Dr WOODRUFF (Franklin) - I want to echo the sentiments that Ms Johnston spoke of just then. It is very distressing to have spent some two days speaking on this bill. This bill has been a really long time coming. It has been years. In fact, the whole time since I have been in Parliament, since 2015, I have been waiting for this amendment bill to be tabled. It has been the most discussed bill in the community in my history and knowledge of being a member of the Tasmanian community and a member of the parliament.
Here we are today and it is distressing, on behalf of the community sector and people who work every day with people who are enmired in gambling addiction, and their families and all the neighbourhood centres, and all the other community groups who deal with all the other people around them who are affected.
To hear the evidence that we presented on behalf of the people who made very passionate submissions to multiple stages of the draft bill, to hear their words being talked of through our mouths as being morally superior and somehow on a moral grandstand, as though it is sanctimonious to keep reminding members of the Labor and the Liberal Party of the public interest test. That should have been put first and foremost in front of every single clause of this bill and yet, at every point, it was put to the end. What we looked at was fundamentally where we have ended up - a deck that has now been fully loaded in the favour of Federal Hotels.
The two parties have lined up in 43 divisions that we called, Labor and the Liberals stood together and voted 43 times against some important amendments, not to get rid of the bill but to make that bill a little bit less harmful for people who sit stuck in chairs continuing every single day to spend their money and put it down the drain when they do not want to. There were opportunities 43 times to not just do what the people who have made submissions in Tasmania but also the psychologists, the academics who have been working in gambling addiction, the economists and the multiple parliamentary inquiries.
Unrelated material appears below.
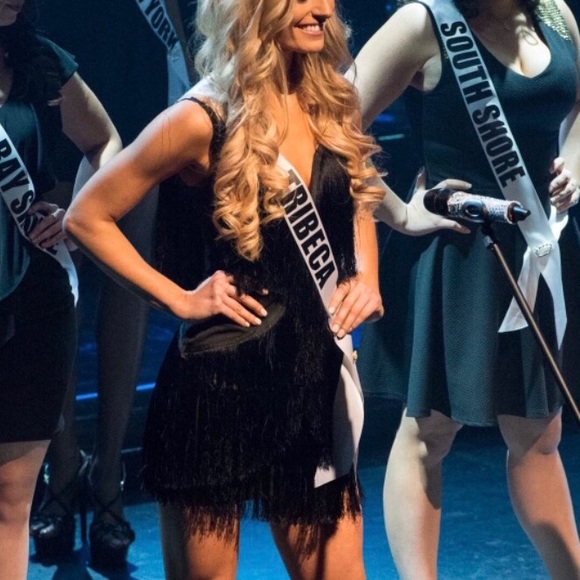 Vera Lucy, Black Fringe Cocktail Dress, Small - Picture 1 of 4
The spirit of the Tasmanian people in the late 1960s when this was for the very first time a spectre on the horizon of something awful that could come to Tasmania, people were incredibly clear and they have never changed in their clarity, that we do not want poker machines in pubs and clubs.
The Greens and Ms Johnston, we have done what we can to put those views on the table. Those words will now sit in Hansard. We just hope that at a future time there is a government that is able to do something to unstitch what, just at this point in time, looks like a forever commitment by the Labor and Liberal parties to put the interests of Federal Hotels and the THA ahead of disadvantaged Tasmanians.